There are a great many ideas which don't have enough carefully-measured evidence to be sufficiently confirmed as scientific fact and accepted as such by the scientific community (a recent joke was "While the Higgs Boson has not been discovered yet, its mass is 125 GeV"), but don't have enough carefully-measured evidence to be ruled out yet, either. Do any of the tools of the LW community help narrow down which ones are more worthy of consideration than others?
Eg:
* Cryonics as an arguably reasonable bet for its cost: proto-science
* Cryonics as a surefire way to achieve immortality: nigh-certainly pseudoscience (unless it's the method by which your Everett Immortality keeps you alive)
* Using math to demonstrate that taking classical physics and adding determinism results in MWI-style quantum physics: proto-science.
* Using math to demonstrate that quantum physics proves Christianity is true, from a certain point of view: pseudo-science
* Tubulin might self-organize into microtubules capable of computation on a sub-neuron scale: Possibly proto-science
* Tubulin architecture is 'quantum' in nature and that is what gives rise to consciousness: Probably pseudo-science
* 'Quantum consciousness' means anything is possible: Downright silly
* The E8 Lie group can provide a system for organizing the properties of subatomic particles: Proto-science, perhaps
* Heim theory is useful for predicting particle masses: Pseudo-science, probabilistically
* Using the Bullet Cluster to claim that dark matter is a better theory than Modified Newtonian Dynamics: proto-science
* Claiming that dark matter is made of 'anapoles': Proto-science, perchance
* Suggesting that dark matter is actually gravitational leakage from MWI 'parallel universes': You tell me. (But if it's true, then since I can't seem to find any previous serious discussion of this idea, I get to name part of it after myself, right? :) )
These may not be the best examples, but they're the closest ones I can think of to the boundary. If you know of any better ones, feel free to comment with them.
Those last six words are what I'd like to find out, as soon as possible, if it's possible to do so; and I would appreciate any assistance on that score. (I regularly read 'Not Even Wrong', whose author puts forward a strong case that string theory is also worth skipping; which doesn't leave too many possibilities on the ground to pick from, these days.)

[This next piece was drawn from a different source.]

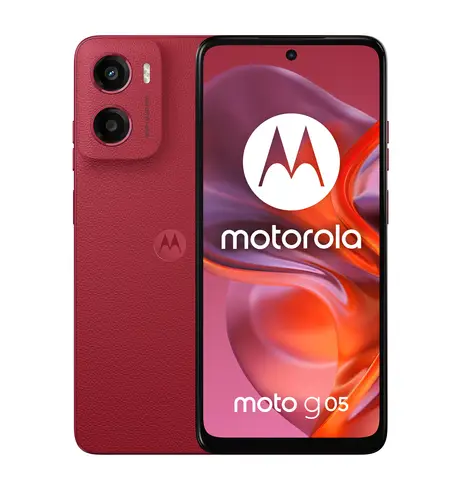 moto g05 16,9 cm (6.67") SIM doble Android 15 4G USB Tipo C 4 GB 128 GB 5200 mAh Rojo - Imagen 2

As Mitchell pointed out below, there are severe theoretical issues. The theory predicts 22 new particles (and doesn't even specify their masses thus making detection difficult) and fails to account for the properties of many existing ones. Most importantly, the theory has no chirality, and chirality is extremely important for fundamental particles. This error is severe and no way to avoid it has been found. E8 does crop up in string theory in other settings but it's unrelated to Lisi's work.